こじんまりとした三階建て、家族経営らしくホテルの名前の@SAKONでダジャレだがアットホームな雰囲気も良かった。
旅の計画段階で妻はホテルのチョイスにかなり気をつかった。なんせ気難しい日本人亭主なので旅の大切な要素であるホテルは快適でなければならない。
自分自身はそれほど意識してはなかったのだが、機嫌が悪くなると彼女には怖く見えるらしい。
いつかそのことを聞かされてからなにがあろうと起きようと妻の前ではいつも機嫌よくいようと決心していた。
たしかに一般的なタイ人と比べてあたしは自己主張が強いかもしれない。思ったことをはっきり口にすることが瞬間湯沸かし器にオーバーラップしたともいえる。

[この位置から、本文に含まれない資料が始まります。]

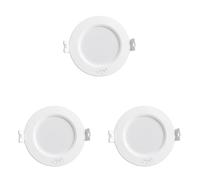 PNI Foco LED D-Light CL2503 de 3 W, empotrable, redondo, 90,5 x 28 mm, 6400 K, alimentación 230 V, 330 lm, blanco (Paquete de 3)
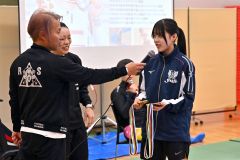 ＪＫＡのワットバイク測定体験会に十勝の高校生スピードスケート選手４４人参加 13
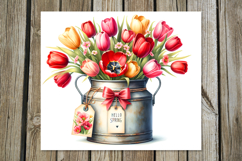 Hello Spring | 4 Skinny tumbler Sublimation designs P2 Product Image 2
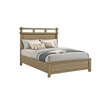 Queen Bedroom Set- Vineyard Oak Brown- 2 Piece Set with Nightstand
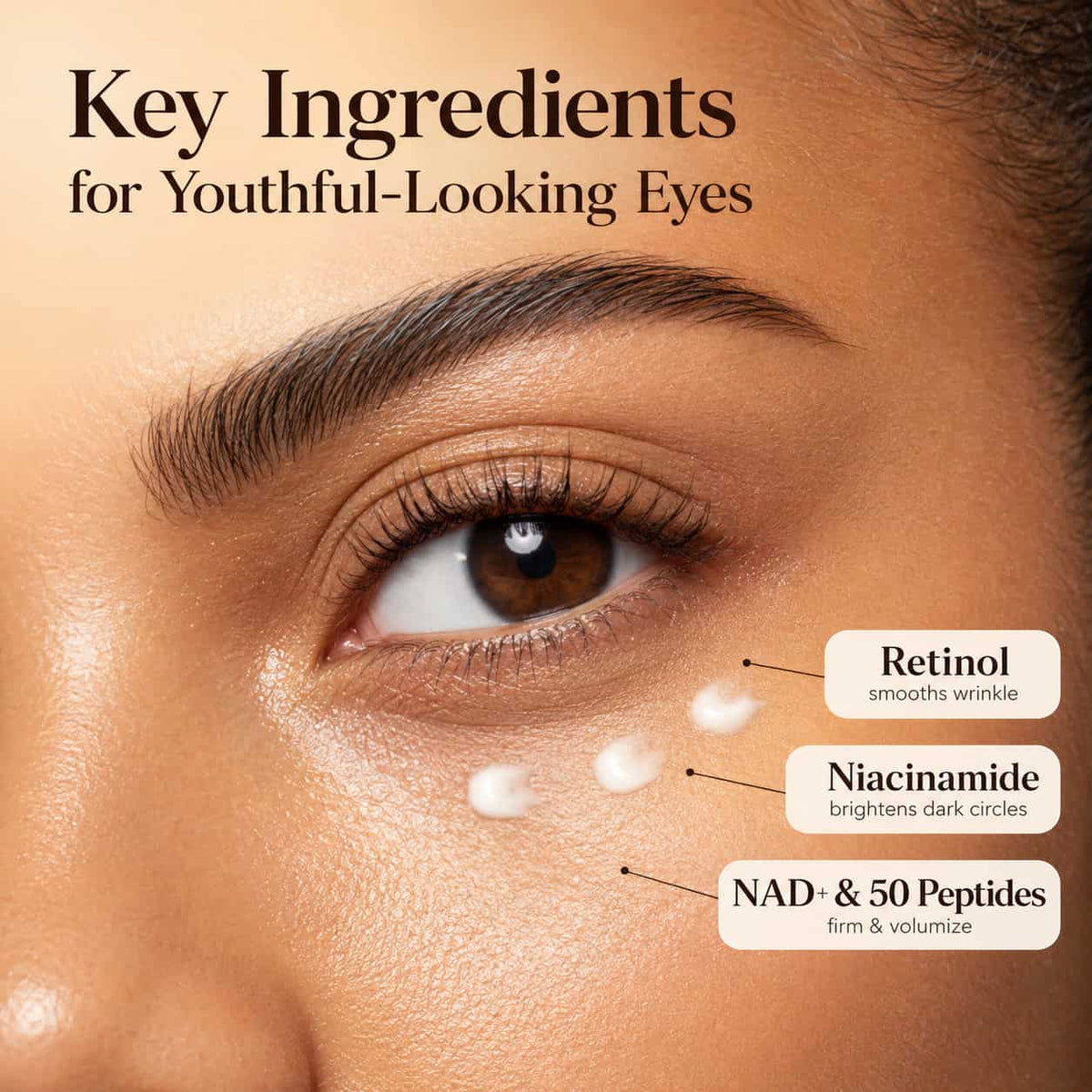 Numbuzin No.9 NAD+ Retinol Volumetox Eye Cream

しかし長い間気楽な暮らしを続けてきたがゆえにしみついてしまった習性を変えるのもまた容易ではないことも確かだ。
ホテルに着いた日、夕方から近くのスーパーへ出かけた。
歩いて10分ほどの距離だがホテルの前は車の多い道路。そこを横断して向こう側を歩く。

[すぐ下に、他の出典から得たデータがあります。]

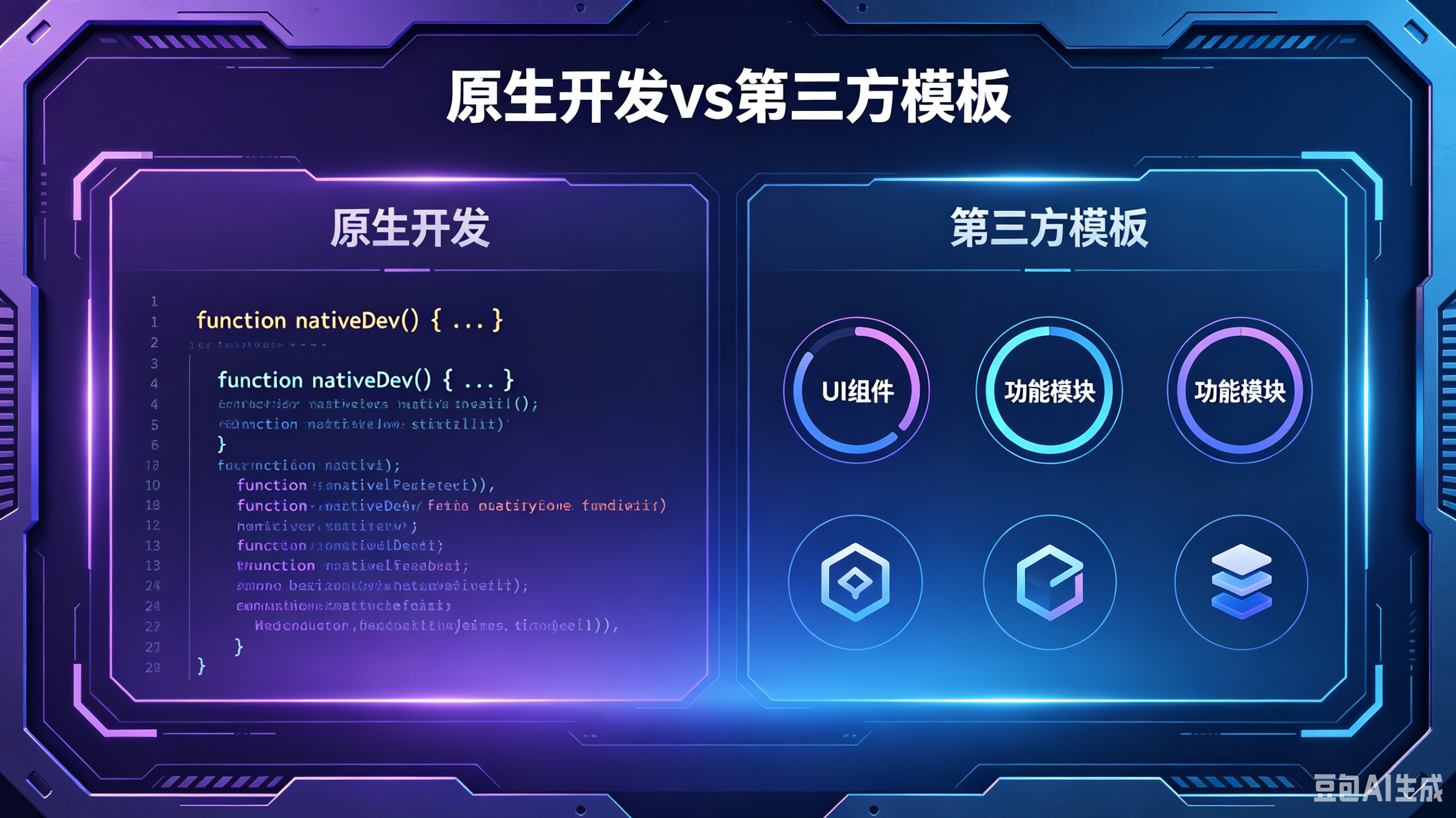 🤔 原生开发 vs 第三方模板，哪个更适合你的业务？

道端の飲食店そして歩道上の屋台などが準備をしている。
どの町でもそうだがタイの歩道はあってないようなもので歩きにくいことこの上ない。

ホテルからス^パーへ歩く
Google earthより

ピョンピョンと穴ぼこを避けて飛ぶように歩く。ときには排水溝のふたが落ちたりするから危ない。
ふと気がついて振り返った。
すぐ後ろに妻が見えた。
道路を横断するときはもちろん手を引いたりかばったりするが、歩道は二人並んで歩くのも難しい。
後ろからトコトコついてくる妻を見て、ふと愛しく思い、心がツンとなった。
人生と同じ。
ときには互いに水先案内を交代しながら歩くが、それでも彼女は夫を100%信じていつも前を向いている。
どれだけの時間ともに歩けるのか、それは誰にもわからないが、けっしてもう長くはないだろう。
いまある日々その瞬間を大切にして、たいしたことはできないにしても、いつも相棒を思いやることくらいは忘れないでおこうと、このときあらためて思った。